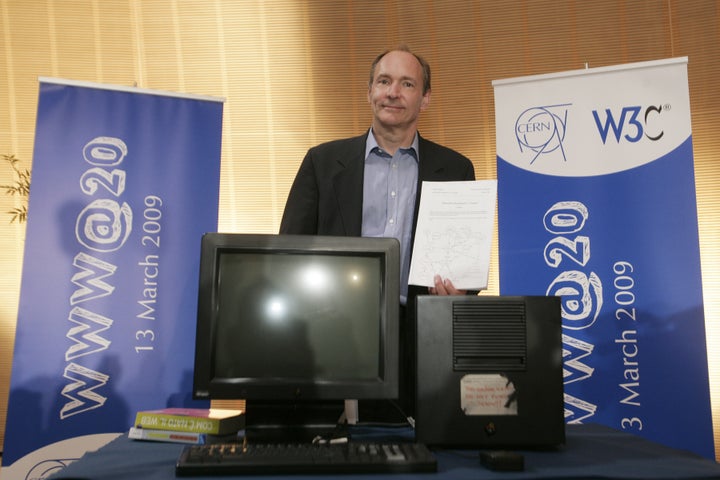 Tim Berners-Lee, inventor of the Web, poses in front of the first World Wide Web server on March 13, 2009. 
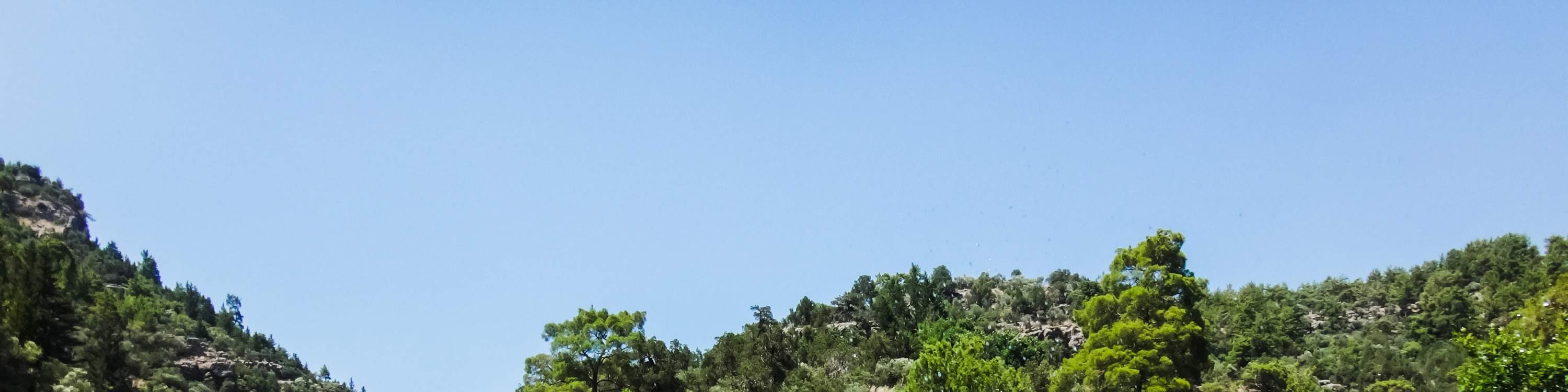 orang ramai melakukan aktiviti *water rafting* di hadapan bukit kecil
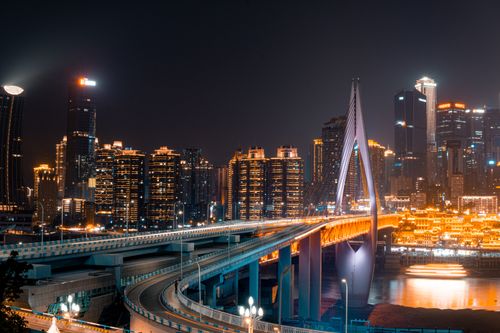Free Captivating view of Chongqing skyline with the illuminated Dongshuimen Bridge crossing the river at night. Stock Photo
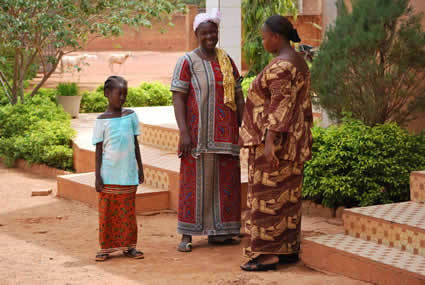 two women and a girl talking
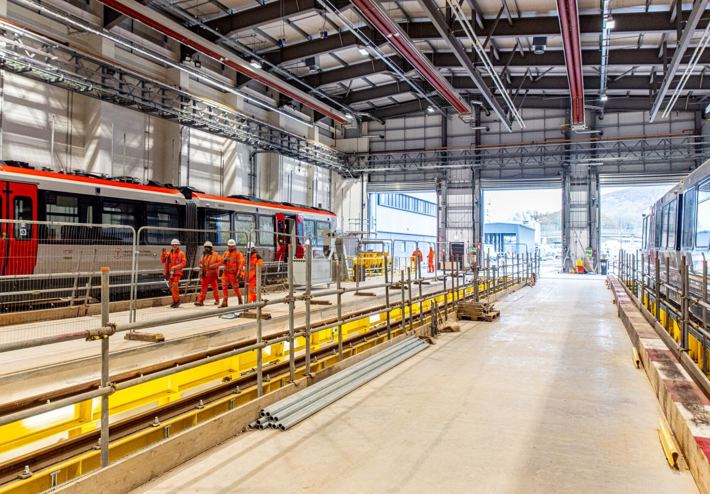 Image of a contruction site within a train station, with multiple Amey employees working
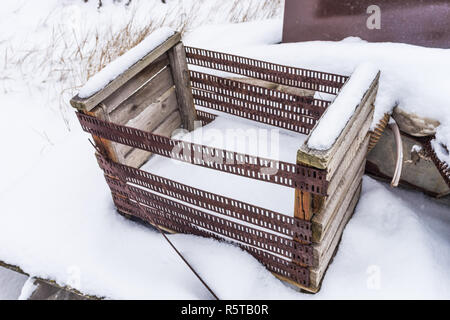 old wooden box with rusty iron sides in the snow Stock Photo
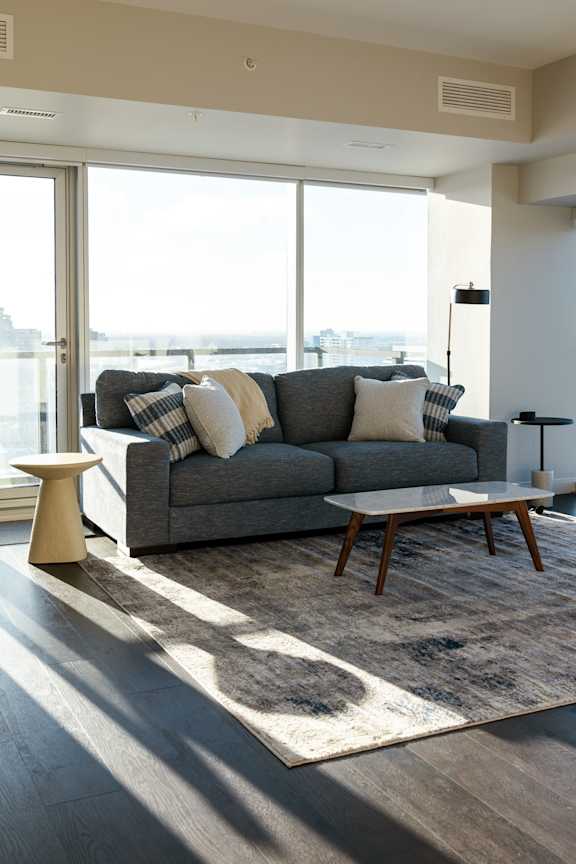 A grey couch with pillows and a small table in front of a large window.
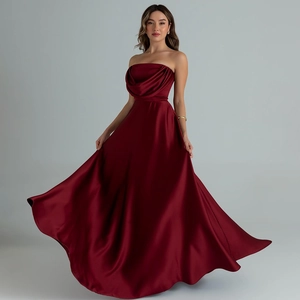 Elegant wine red satin strapless evening gown with draped neckline and flowing long skirt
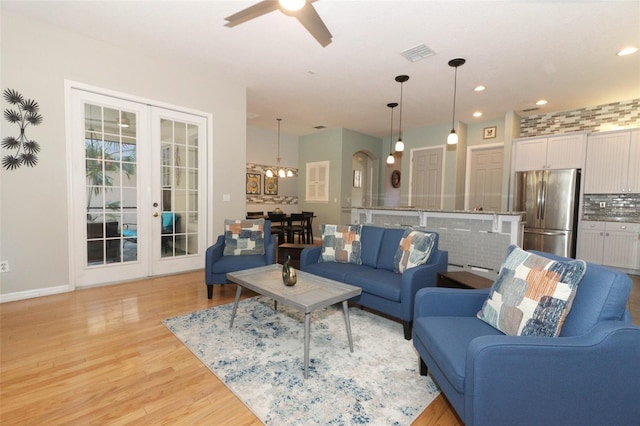 living room with visible vents, recessed lighting, french doors, ceiling fan with notable chandelier, and light wood-type flooring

-.-.-

WHAT TO WORK ON:
Repeat word for word the lines beginning at the one with "Elegant wine red" and ending at the final line of the records above, both included, and no others. Leave the pictures out.

ANSWER TO THIS PROBLEM:
 Elegant wine red satin strapless evening gown with draped neckline and flowing long skirt
 living room with visible vents, recessed lighting, french doors, ceiling fan with notable chandelier, and light wood-type flooring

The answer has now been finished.